Indeed, Ono’s music—with or without the Plastic Ono Band that she and Lennon formed back in 1969—is so diverse that even on the same album you can find her gliding from one genre to another without skipping a beat. It’s a pity that she did not receive the sort of accolades she deserved in her prime.

Things could change now. Ono will turn 89 on 18 February and to mark her birthday, a much younger indie musician, Death Cab for Cutie’s Ben Gibbard, has put together a tribute album on which contemporary musicians cover Ono’s songs.

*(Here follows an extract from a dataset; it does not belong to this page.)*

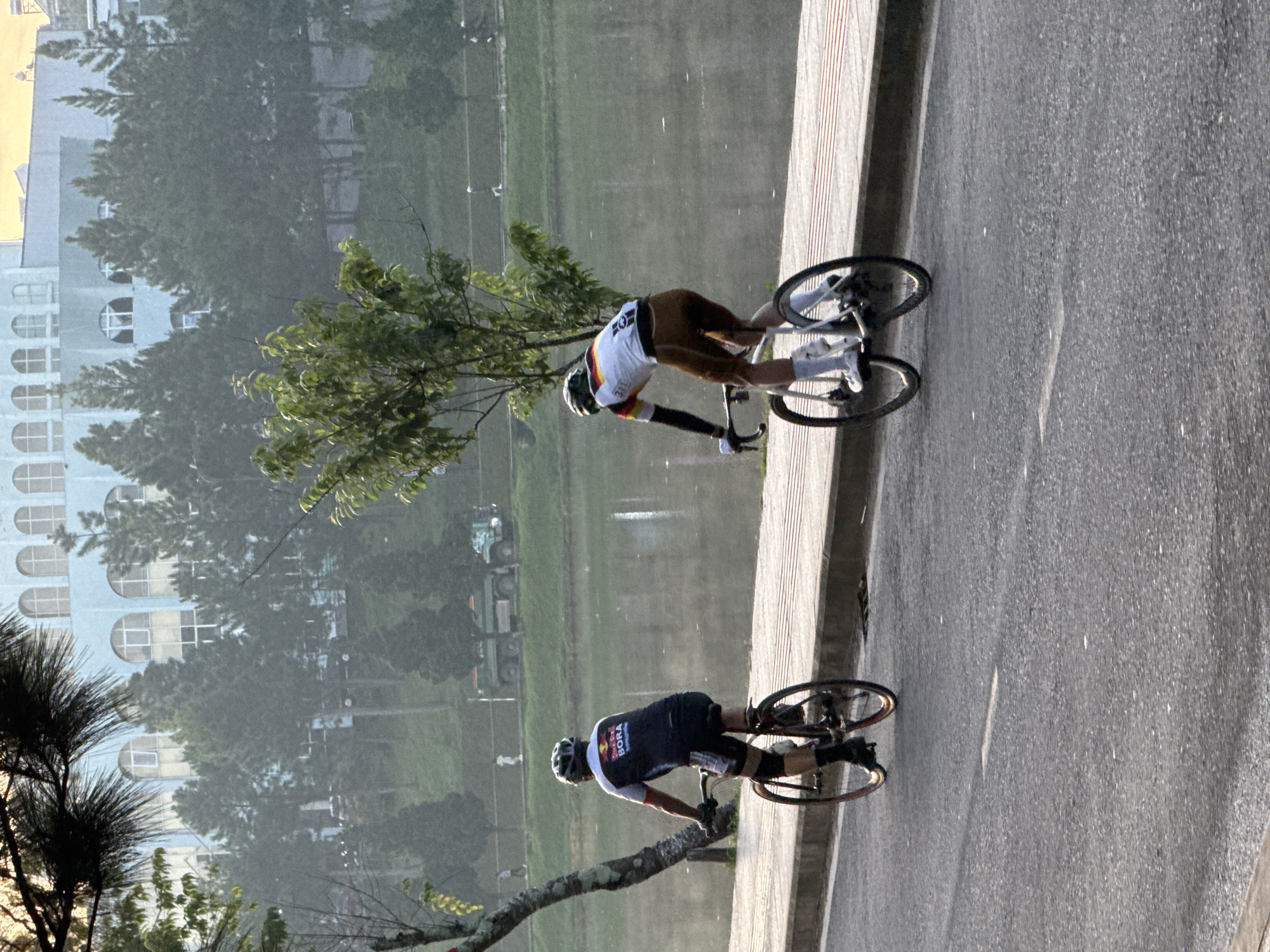 In Phường Xuân Hương - Đà Lạt, Vietnam, two individuals are cycling on a paved road adjacent to a body of water. The person in the foreground is wearing a dark cycling jersey with "BORA" in red lettering and a helmet. They are riding a bicycle with red rims. The second cyclist, further ahead, wears a white and yellow cycling jersey with German flag colors on the sleeve and brown cycling shorts. This cyclist is also wearing a helmet and white socks, and is on a bicycle with black rims. The background shows a misty landscape with trees, a light blue building with arched windows, and a green truck on a grassy area. The sun is rising, casting a warm glow on the scene.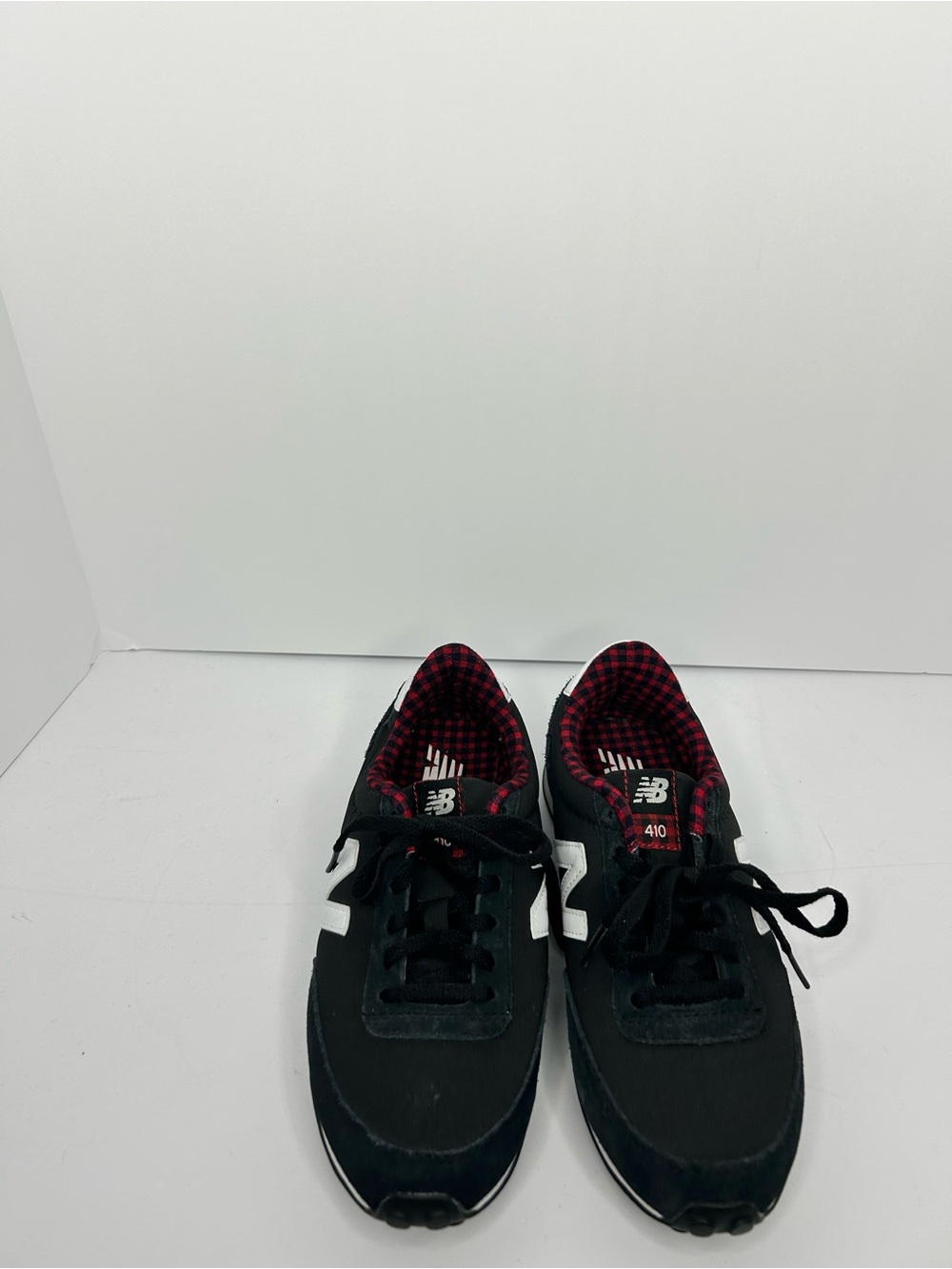 New Balance Women’s Black Sneakers with Red Plaid Lining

Ocean Child: Songs Of Yoko Ono will be released on her birthday and will feature contributions from musicians such as Sharon Van Etten, Death Cab for Cutie, David Byrne and Yo La Tengo (YLT), Deerhoof, Flaming Lips and Jay Som. One of the tracks, Byrne and YLT’s version of Ono’s Who Has Seen The Wind? (she released it as a B-Side with Lennon’s 1970 single, Instant Karma!), has already been previewed and Byrne’s smooth vocals waft over YLT’s typically lo-fi and understated soundscape.

The release of the new tribute album will hopefully rekindle interest in the work of a much misunderstood yet talented musician once unfairly described as the “dragon lady” who broke up The Beatles.